Prototype: Simplified CLI to Stan

Hi all,

I’ve created a prototype command line interface for Stan that’s meant to be easier to use than CmdStan. If anyone is a CmdStan users and has some time to check it out, please leave some feedback here on discourse.

There are more details in this blogpost: https://www.generable.com/blog/2020/08/prototype-simplified-cli-to-stan/

For those that don’t want to click through, here’s some of the information.


How to get the Prototype

The prototype is currently on a branch of CmdStan, feature/cli11 .

Example: setting delta to 0.9 and max_depth to 14

Prototype:

> examples/bernoulli/bernoulli sample --delta 0.9 --max_depth 14  --data_file examples/bernoulli/bernoulli.data.R

CmdStan v2.24.0:

> examples/bernoulli/bernoulli sample adapt delta=0.9 algorithm=hmc engine=nuts max_depth=14 data file=examples/bernoulli/bernoulli.data.R

In the prototype, the order of the options doesn’t matter. In CmdStan, arguments are nested, so you need algorithm=hmc engine=nuts max_depth=14 to set the max treedepth.

Feedback

If you have any feedback, good or bad, please post it here or dm me.

12 Likes

cc: @mitzimorris, @rok_cesnovar, @wds15, @Bob_Carpenter, @stevebronder.

I’m trying to tag CmdStan devs and users. Please let them know this exists.

Looks clean.

Would --delta=0.9 work?

This interface is assuming there are no overlap between the “nested” structure? (This is fine assumption in my opinion)

Yup.

Not sure what this means… some clarification?

Yes, I meant no overlap between the keywords/arguments.
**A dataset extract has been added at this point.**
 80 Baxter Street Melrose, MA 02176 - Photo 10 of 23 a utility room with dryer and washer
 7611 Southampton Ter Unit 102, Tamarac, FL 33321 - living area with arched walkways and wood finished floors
Do we currently have any keywords/arguments which has same name but do different things?

Cool. I definitely find CmdStan rather cumbersome to use, so anything that makes it simpler sounds intriguing! I’ll take a look more closely soon.

1 Like

I think I understand.

Within a particular subcommand (e.g. sample vs optimize) the keywords can’t overlap. But that isn’t really a problem in our arguments.
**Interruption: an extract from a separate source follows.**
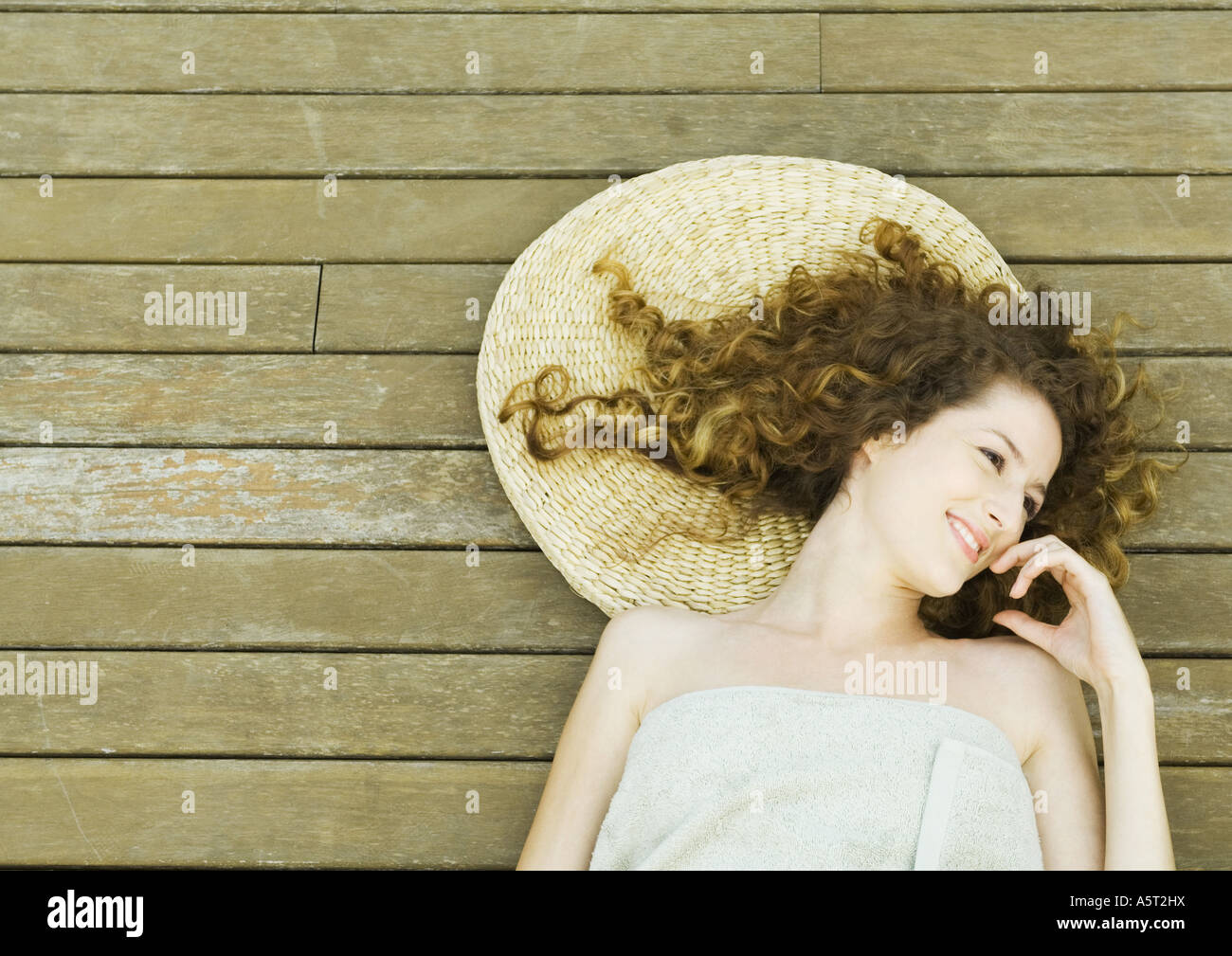 Femme enveloppée dans une serviette, allongé sur le pont, smiling Banque D'Images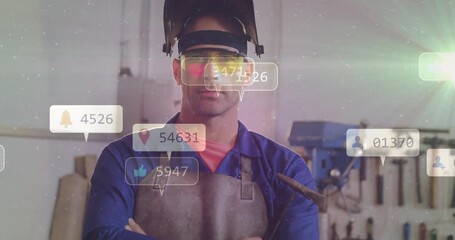 Social media likes and follower count animation over industrial worker in workshop - Powered by Adobe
I had considered doing something more substantial, but wanted to wait before doing anything with more effort. Something larger should really be done with a design in mind. This one, I just hacked together.

1 Like

Maybe I should be a little clearer. I didn’t just throw it together with throw-away code. I think it’s clean and thought through well enough for what it is. It just wasn’t something that had an API design up front, software design, then implementation. All three happened organically. There are plenty of different ways to implement the same thing. There are some choices I made that other people would have made differently. That’s why this is a prototype… it’s something I put together (with minimal feedback).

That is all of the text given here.